All of lore.kernel.org
 help / color / mirror / Atom feed
From: "Paul E. McKenney" <paulmck@linux.ibm.com>
To: Will Deacon <will@kernel.org>
Cc: Peter Zijlstra <peterz@infradead.org>,
	Linus Torvalds <torvalds@linux-foundation.org>,
	Mathieu Desnoyers <mathieu.desnoyers@efficios.com>,
	Thomas Gleixner <tglx@linutronix.de>,
	Joel Fernandes <joel@joelfernandes.org>,
	Alan Stern <stern@rowland.harvard.edu>,
	rostedt <rostedt@goodmis.org>,
	Valentin Schneider <valentin.schneider@arm.com>,
	linux-kernel <linux-kernel@vger.kernel.org>,
	Boqun Feng <boqun.feng@gmail.com>,
	Will Deacon <will.deacon@arm.com>,
	David Howells <dhowells@redhat.com>
Subject: Re: [PATCH 1/1] Fix: trace sched switch start/stop racy updates
Date: Wed, 21 Aug 2019 06:23:10 -0700	[thread overview]
Message-ID: <20190821132310.GC28441@linux.ibm.com> (raw)

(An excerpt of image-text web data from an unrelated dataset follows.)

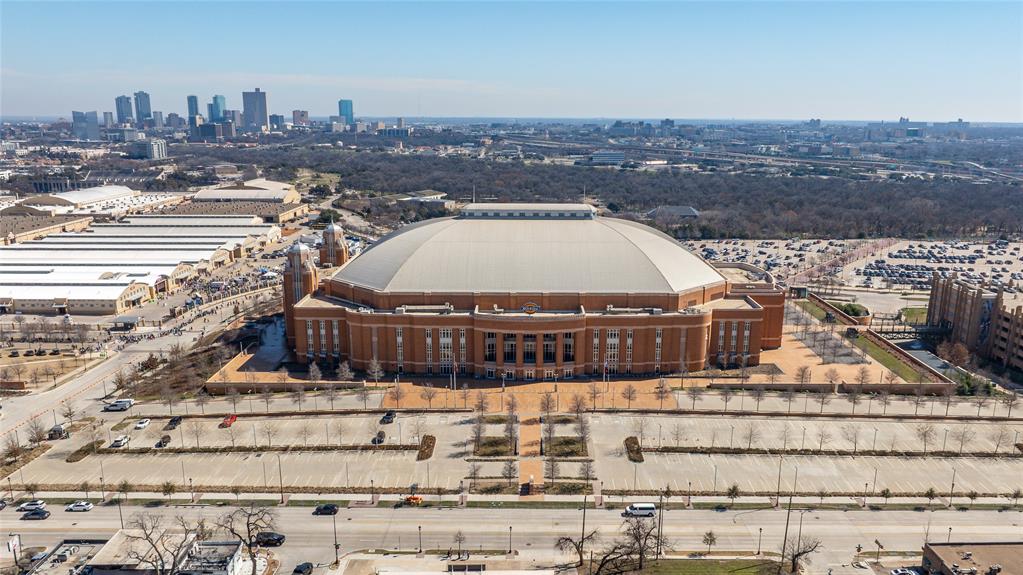 Queensborough Heights Add - Land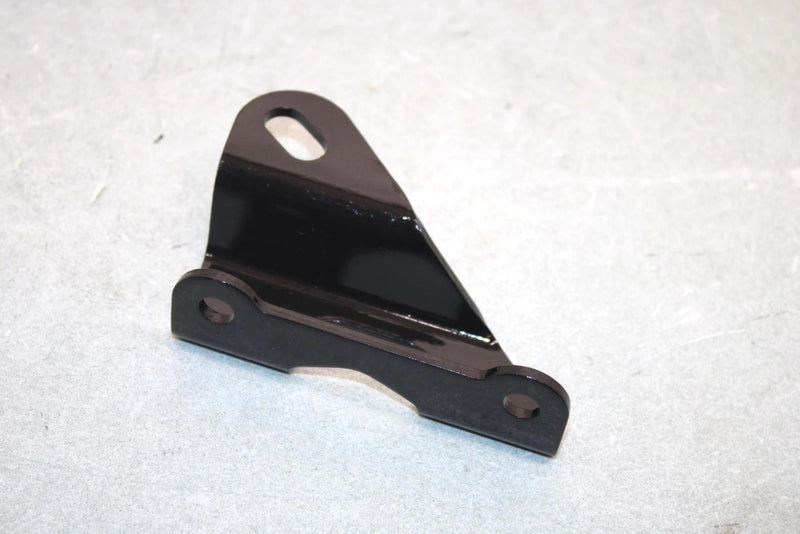00 Polaris Xpedition 425 Oem Top Engine Mount 5242964-067 AP19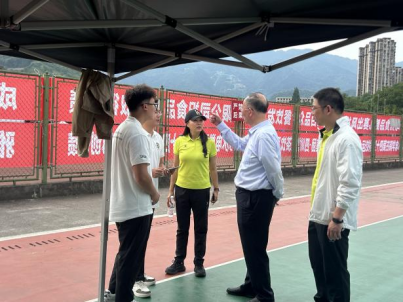 zoty中欧体育数据中心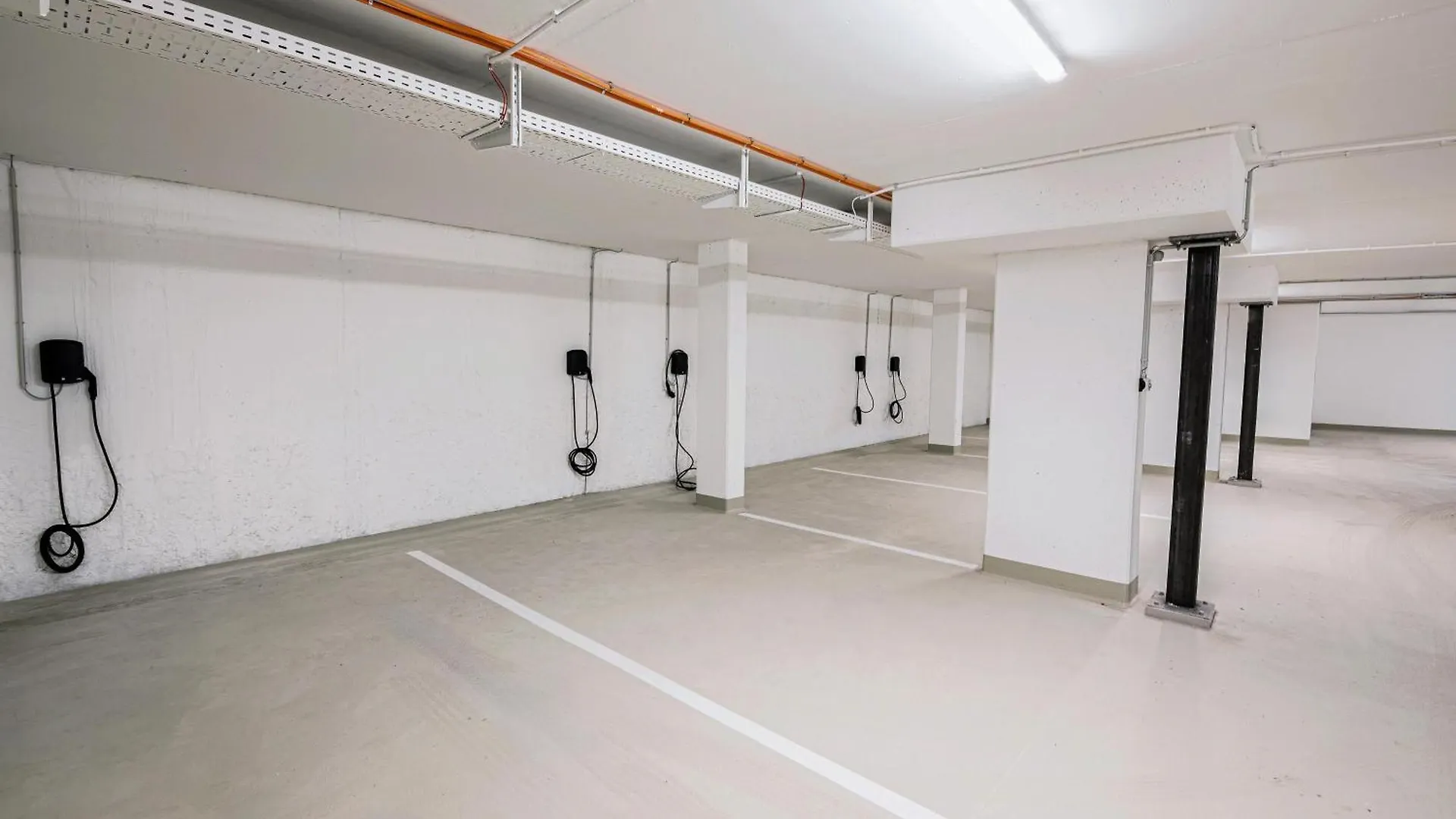 B&B Hotel Wien-Heiligenstadt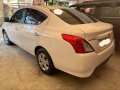 Nissan Almera 2018 for sale in Cebu City-3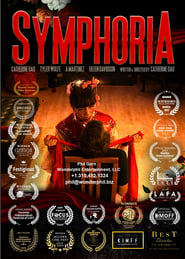 Nonton Film Symphoria (2021) Subtitle Indonesia - Filmapik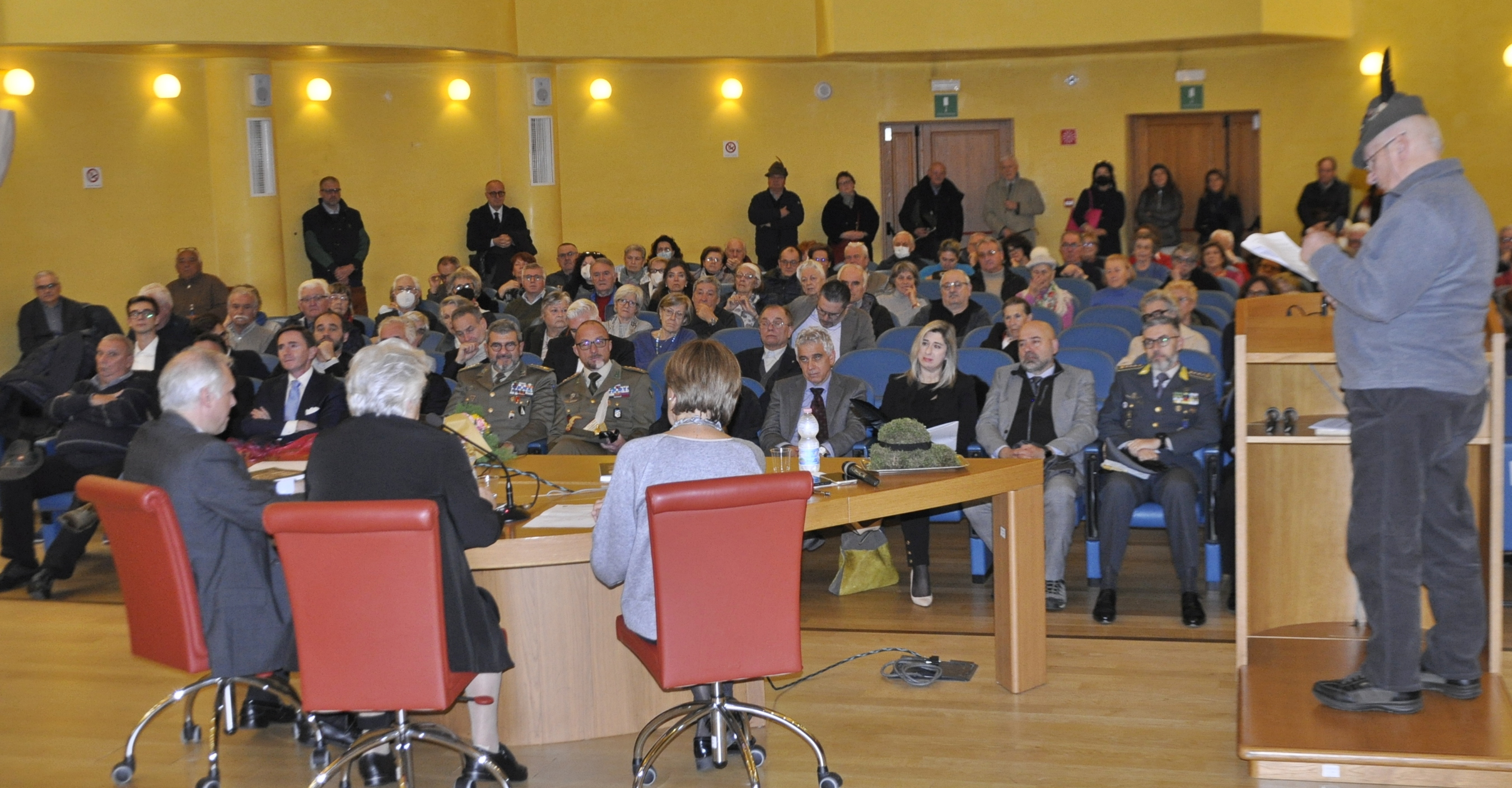 Foto 04.jpg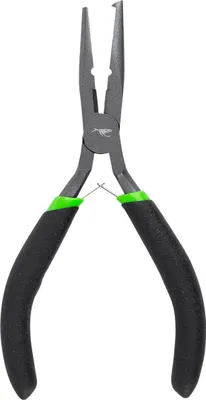 Produktbild von Skeater Gripjaw Fns Splitring Pliers 13.5cm - Sprengringzange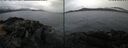 ./images/rivers-inlet/ethel/20250130/ethel20250130_162956.jpg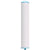 Whole House Pioneer Lead Reduction Replacement Filter - WaterFilters.NET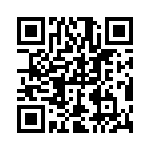 8D025W24PC-LC QRCode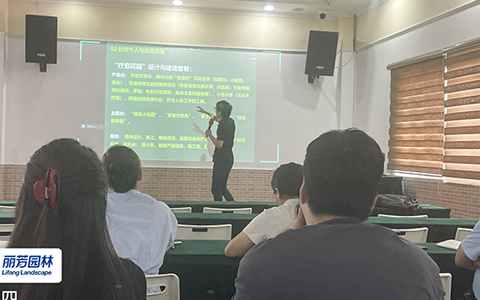 ����UGЯ�ֻ���ũ��³��͸����������ת��������΢��������ѵ������ҵ����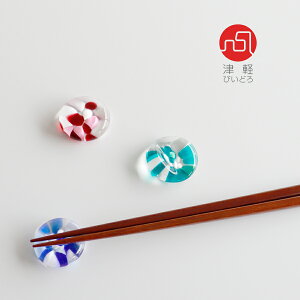 yÌyтǂzu@hbg@sNu[@eB[@ Xg Jg[Xg ͂  KXH ΒˏɎq AfA {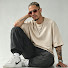 z2s_Zf_3_-g-channel-avatar-DJ Michael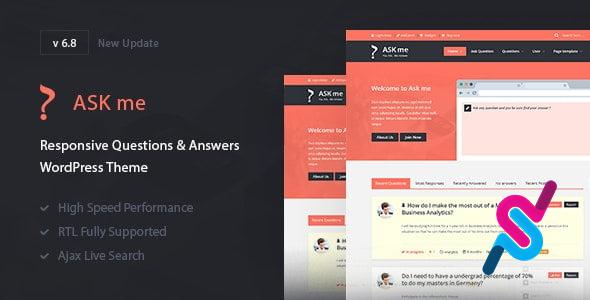 01_preview.__large_preview-1-1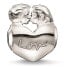 Фото #1 товара THOMAS SABO K0162-001-12 Charm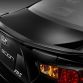 scion-fr-s-monogram-series-3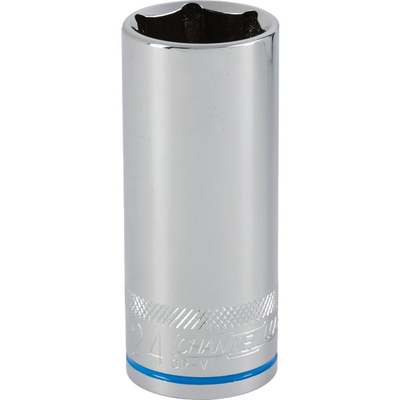 24MM 1/2DR DEEP SOCKET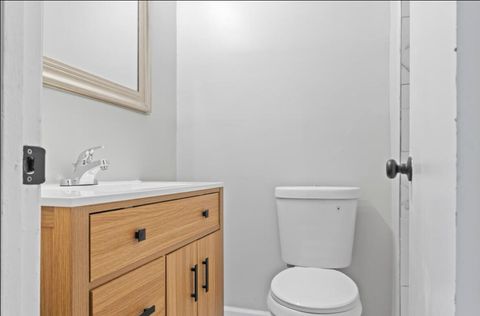 Tiny photo for 3607 Pamplona Drive, Hephzibah, GA 30815 (MLS # 550285)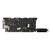 Материнская плата MacBook Pro 13 Retina A1502 Core i5 2.4GHz 4GB Late 2013 Mid 2014 661-8144 820-3536-A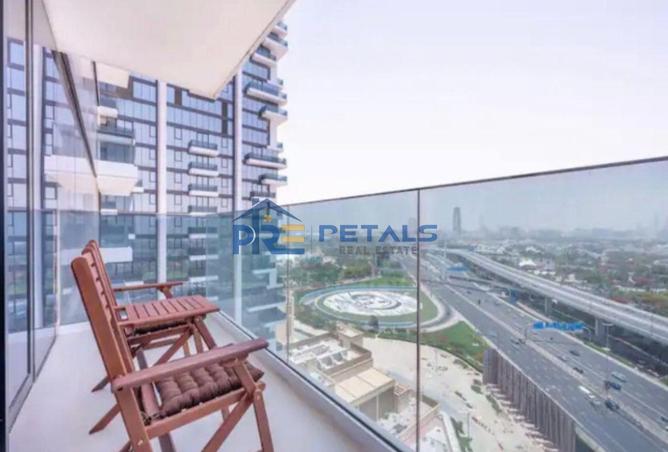 15167848 - Property Main Image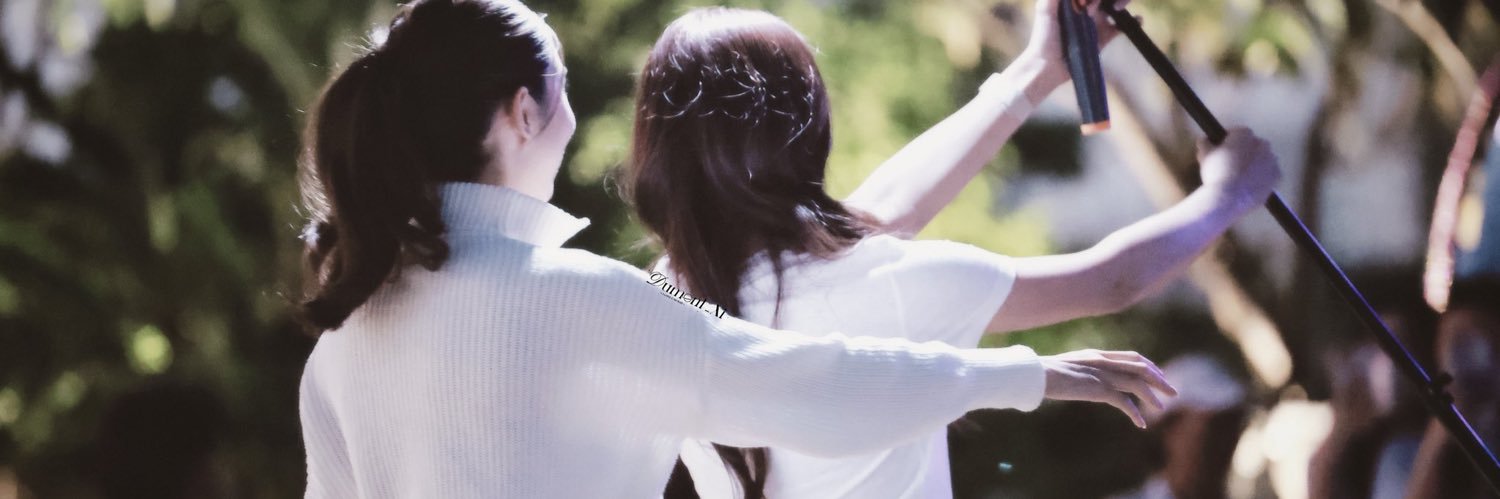 _nnatsha's profile banner image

In-Reply-To: <20190821103200.kpufwtviqhpbuv2n@willie-the-truck>

On Wed, Aug 21, 2019 at 11:32:01AM +0100, Will Deacon wrote:
> On Tue, Aug 20, 2019 at 01:29:32PM -0700, Paul E. McKenney wrote:
> > On Tue, Aug 20, 2019 at 03:56:12PM +0200, Peter Zijlstra wrote:
> > > On Sat, Aug 17, 2019 at 01:08:02AM -0700, Linus Torvalds wrote:
> > > 
> > > > The data tearing issue is almost a non-issue. We're not going to add
> > > > WRITE_ONCE() to these kinds of places for no good reason.
> > > 
> > > Paulmck actually has an example of that somewhere; ISTR that particular
> > > case actually got fixed by GCC, but I'd really _love_ for some compiler
> > > people (both GCC and LLVM) to state that their respective compilers will
> > > not do load/store tearing for machine word sized load/stores.
> > 
> > I do very much recall such an example, but I am now unable to either
> > find it or reproduce it.  :-/
> > 
> > If I cannot turn it up in a few days, I will ask the LWN editors to
> > make appropriate changes to the "Who is afraid" article.
> > 
> > > Without this written guarantee (which supposedly was in older GCC
> > > manuals but has since gone missing), I'm loathe to rely on it.
> > > 
> > > Yes, it is very rare, but it is a massive royal pain to debug if/when it
> > > does do happen.
> > 
> > But from what I can see, Linus is OK with use of WRITE_ONCE() for data
> > races on any variable for which there is at least one READ_ONCE().
> > So we can still use WRITE_ONCE() as we would like in our own code.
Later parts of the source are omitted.